EXERCISE
Reproduce the full listing below unchanged, apart from the pictures.

── SOURCE DATA ──

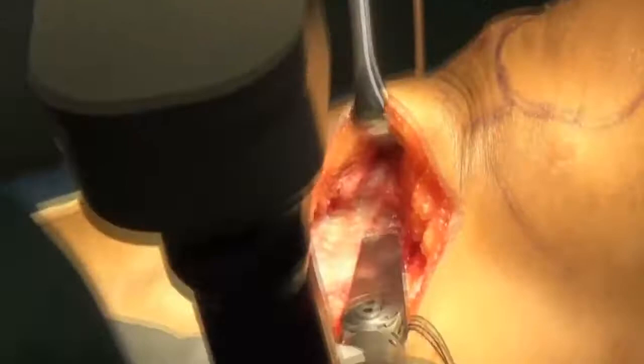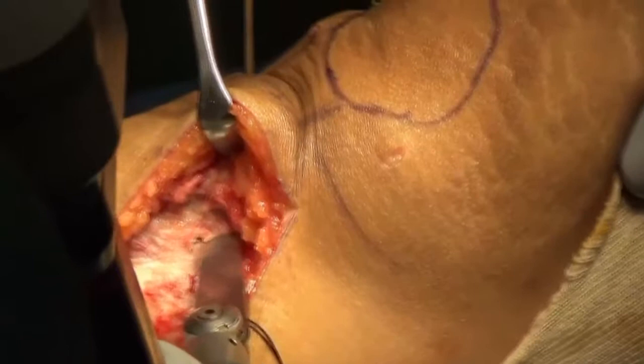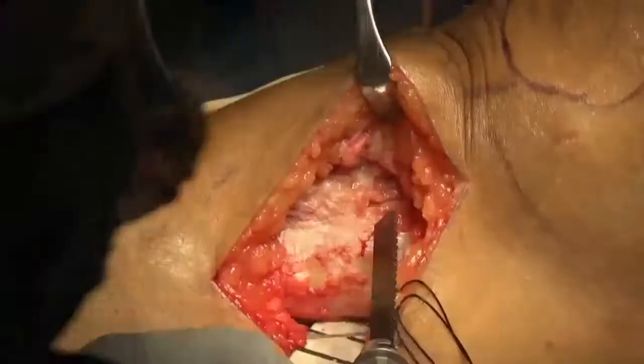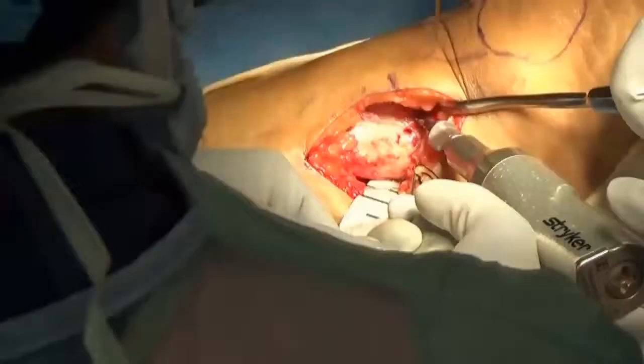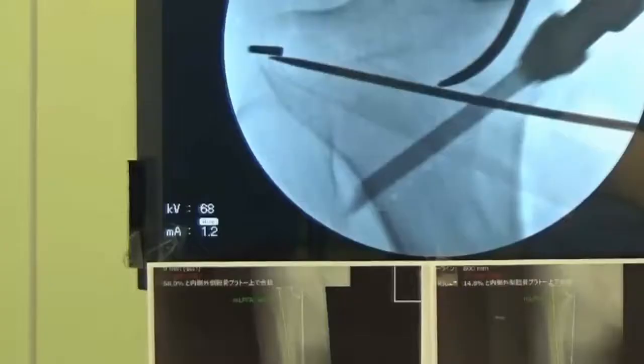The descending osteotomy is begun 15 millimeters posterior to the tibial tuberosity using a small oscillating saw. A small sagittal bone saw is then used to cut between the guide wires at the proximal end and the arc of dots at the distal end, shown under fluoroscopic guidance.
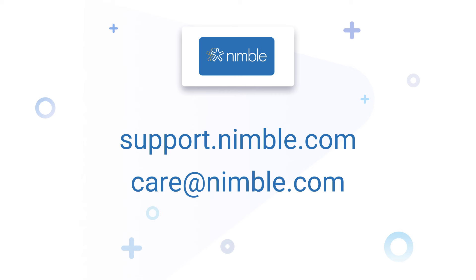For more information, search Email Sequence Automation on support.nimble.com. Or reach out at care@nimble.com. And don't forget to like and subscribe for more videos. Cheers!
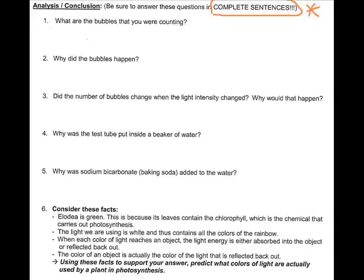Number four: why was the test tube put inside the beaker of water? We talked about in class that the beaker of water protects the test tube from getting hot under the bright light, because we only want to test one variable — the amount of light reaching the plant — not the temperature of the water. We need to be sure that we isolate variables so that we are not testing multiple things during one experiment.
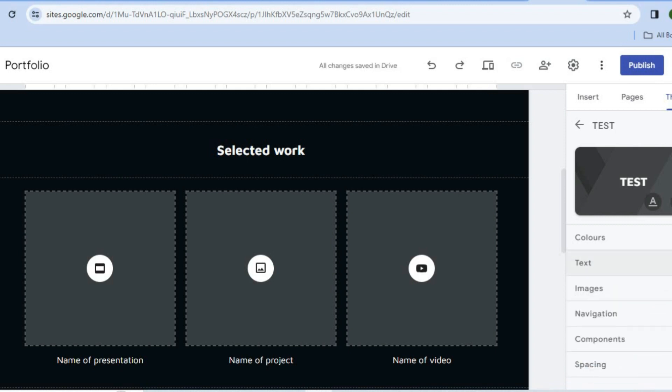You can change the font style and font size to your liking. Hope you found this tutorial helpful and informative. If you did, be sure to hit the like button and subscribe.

───

EXERCISE RESPONSE
The descending osteotomy is begun 15 millimeters posterior to the tibial tuberosity using a small oscillating saw. A small sagittal bone saw is then used to cut between the guide wires at the proximal end and the arc of dots at the distal end, shown under fluoroscopic guidance.
For more information, search Email Sequence Automation on support.nimble.com. Or reach out at care@nimble.com. And don't forget to like and subscribe for more videos. Cheers!
Number four: why was the test tube put inside the beaker of water? We talked about in class that the beaker of water protects the test tube from getting hot under the bright light, because we only want to test one variable — the amount of light reaching the plant — not the temperature of the water. We need to be sure that we isolate variables so that we are not testing multiple things during one experiment.
You can change the font style and font size to your liking. Hope you found this tutorial helpful and informative. If you did, be sure to hit the like button and subscribe.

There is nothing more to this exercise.